:: Instructions for the task ::
Word for word, transcribe the data below from the line with "Palla da bowling 9 libbre 10" to the line with "Sự Thức Tỉnh", keeping both of those lines.

:: Available data ::
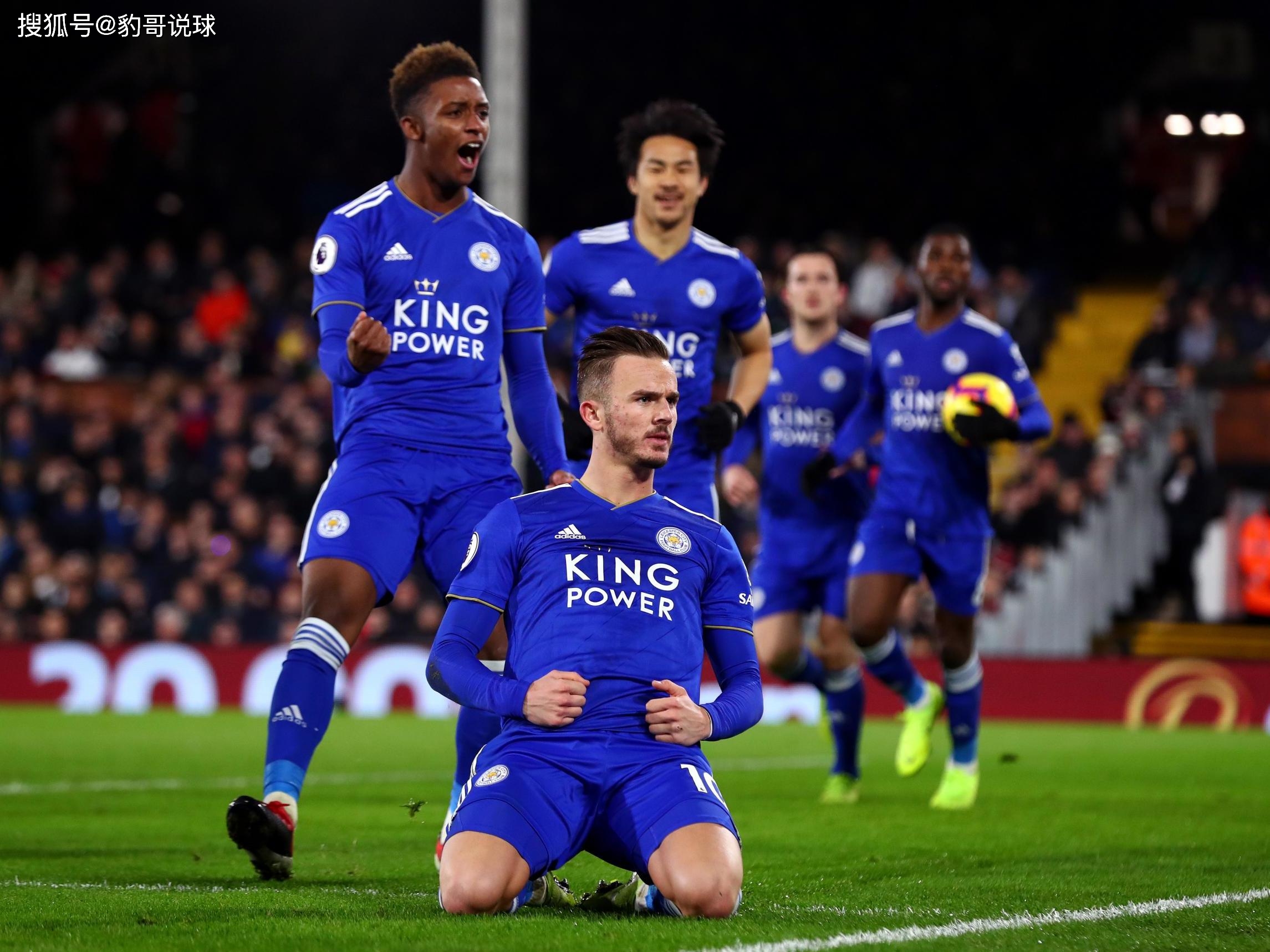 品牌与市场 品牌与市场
...
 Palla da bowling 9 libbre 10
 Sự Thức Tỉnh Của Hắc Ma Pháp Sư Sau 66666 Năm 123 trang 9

:: Answer space ::
 Palla da bowling 9 libbre 10
 Sự Thức Tỉnh Của Hắc Ma Pháp Sư Sau 66666 Năm 123 trang 9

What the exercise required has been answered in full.